### Task item:
Skip the pictures, and retype the data below in full, exactly.

### Given records:
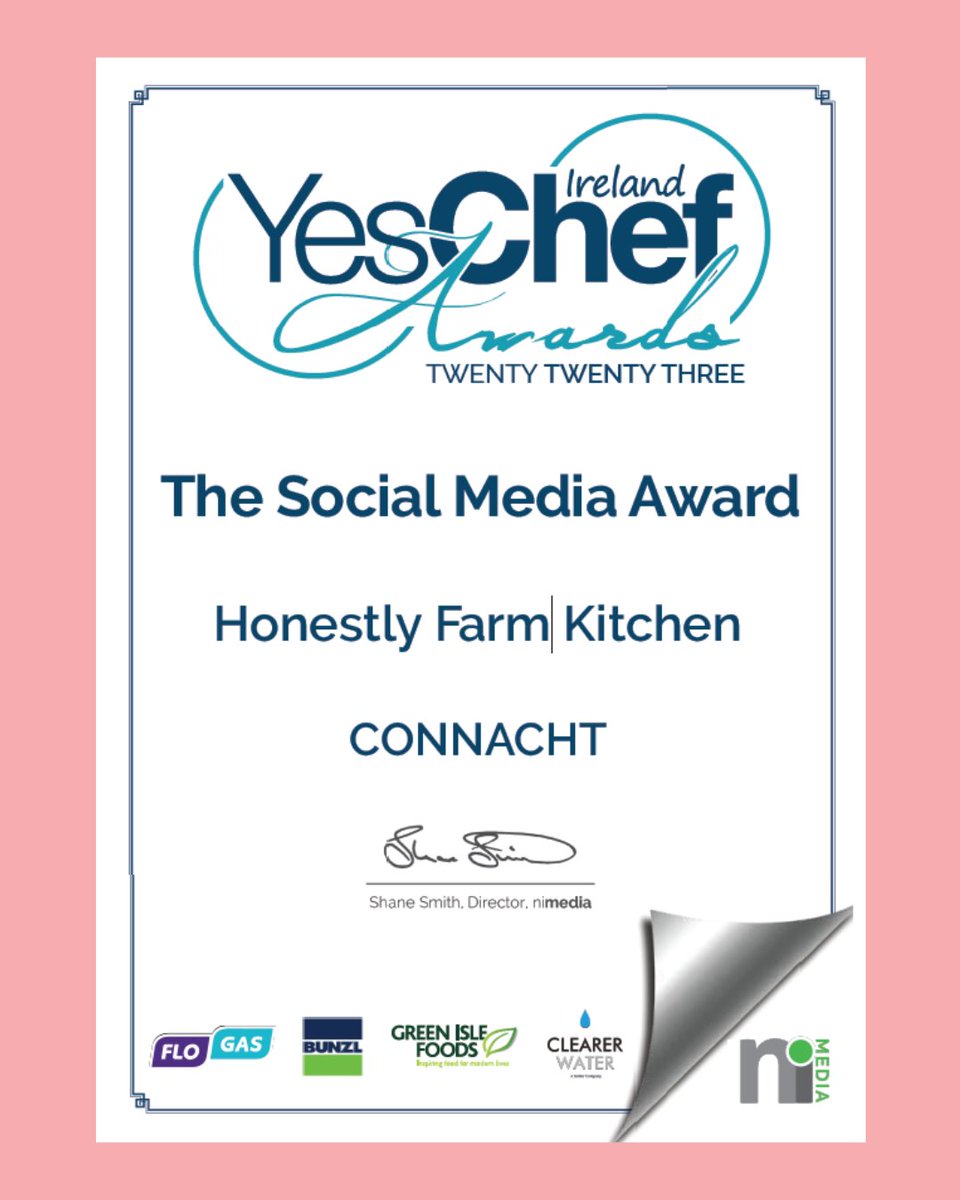 🏆 Goodness, we're blushing! We love our social media communities and get so much from your lovely comments and messages every day. Thanks for being brilliant 🥰 

#award #awardwinning #content #irishrestaurant #connaught #yeschef  #yeschefawards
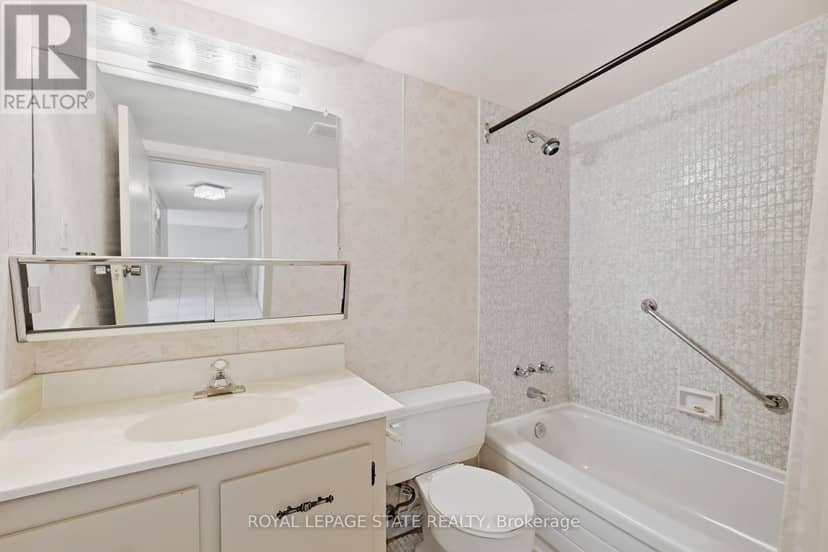 803 - 120 Duke Street — photo 28 of 37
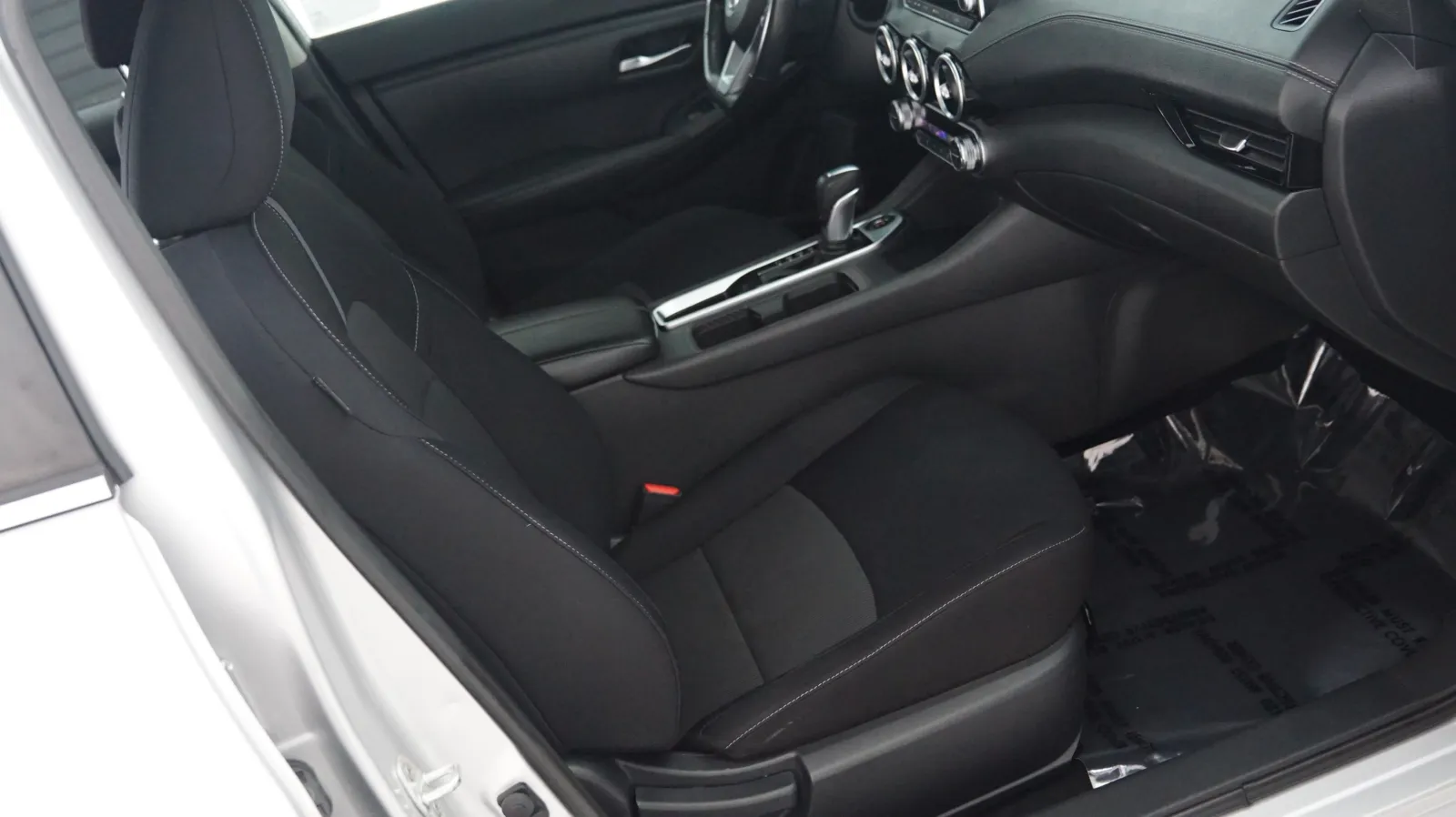 More photos of 2021 Nissan Sentra SV at Auto City, CA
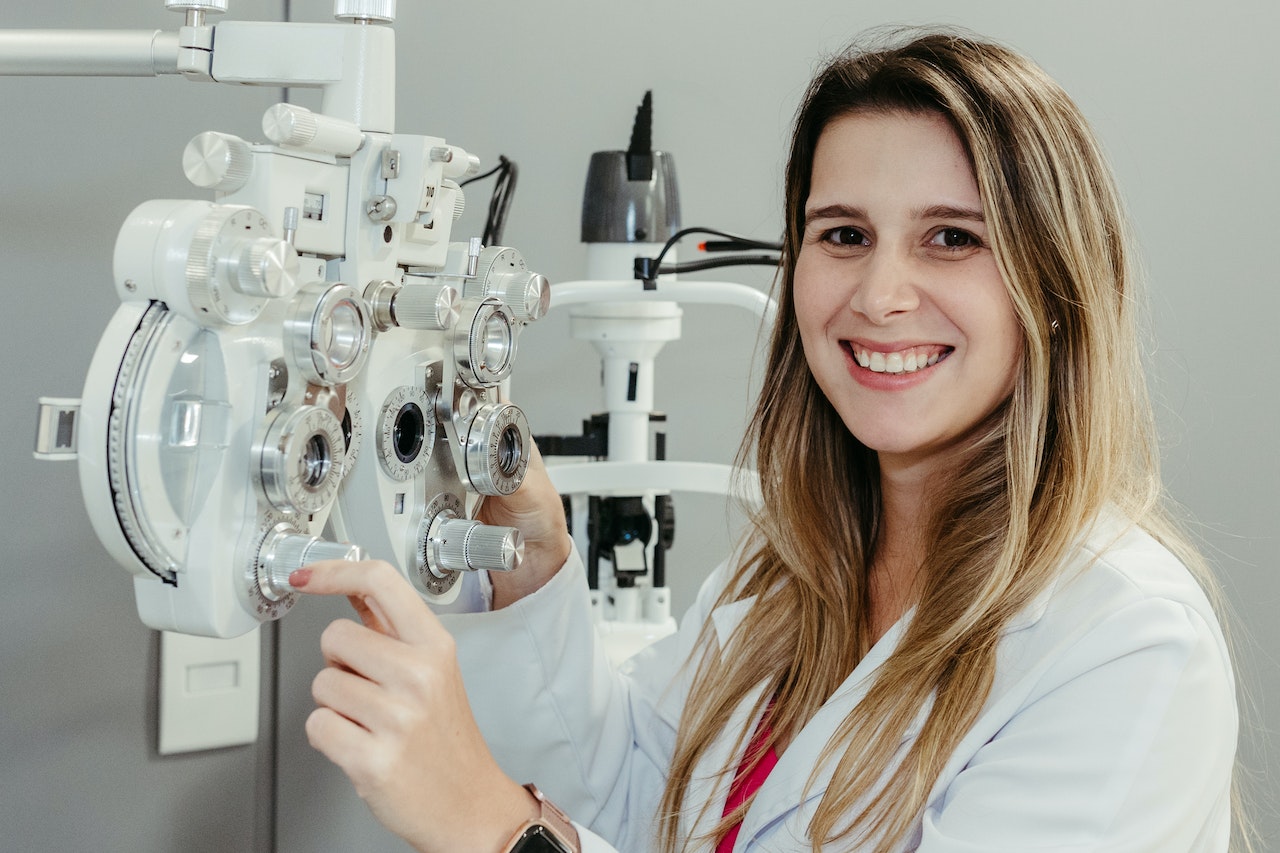 Czym zajmuje się optometrysta?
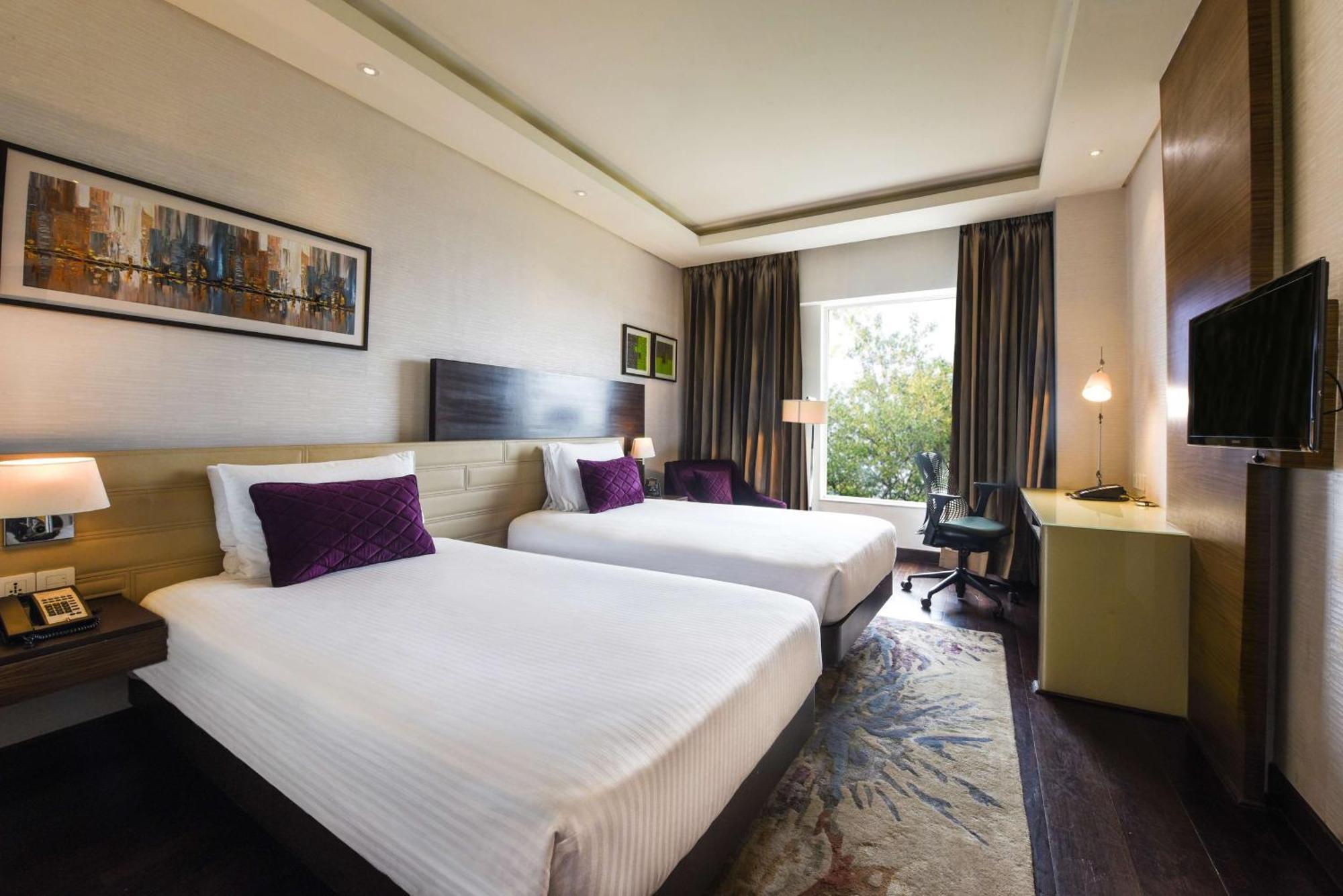 Doubletree By Hilton Gurugram Baani Square Hotel Gurgaon Exterior foto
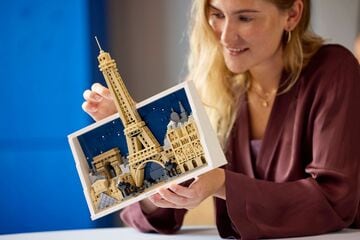 LEGO® Paris – City of Love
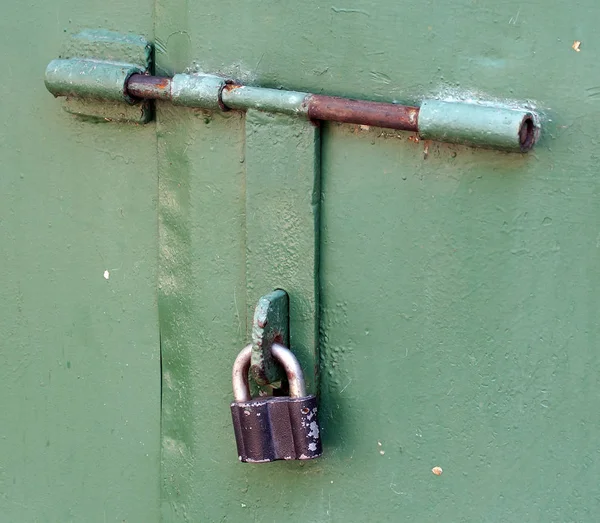 锁紧挂锁与在门金属老保护生锈 — 图库照片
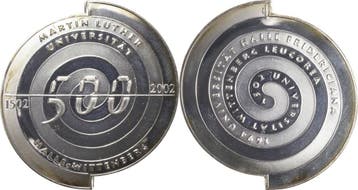 Verzilverte Kupfermedaille 2002 Akademien, Schulen, Unive..., Postzegels en Munten, Penningen en Medailles, Verzenden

### Written response:
 🏆 Goodness, we're blushing! We love our social media communities and get so much from your lovely comments and messages every day. Thanks for being brilliant 🥰 

#award #awardwinning #content #irishrestaurant #connaught #yeschef  #yeschefawards
 803 - 120 Duke Street — photo 28 of 37
 More photos of 2021 Nissan Sentra SV at Auto City, CA
 Czym zajmuje się optometrysta?
 Doubletree By Hilton Gurugram Baani Square Hotel Gurgaon Exterior foto
 LEGO® Paris – City of Love
 锁紧挂锁与在门金属老保护生锈 — 图库照片
 Verzilverte Kupfermedaille 2002 Akademien, Schulen, Unive..., Postzegels en Munten, Penningen en Medailles, Verzenden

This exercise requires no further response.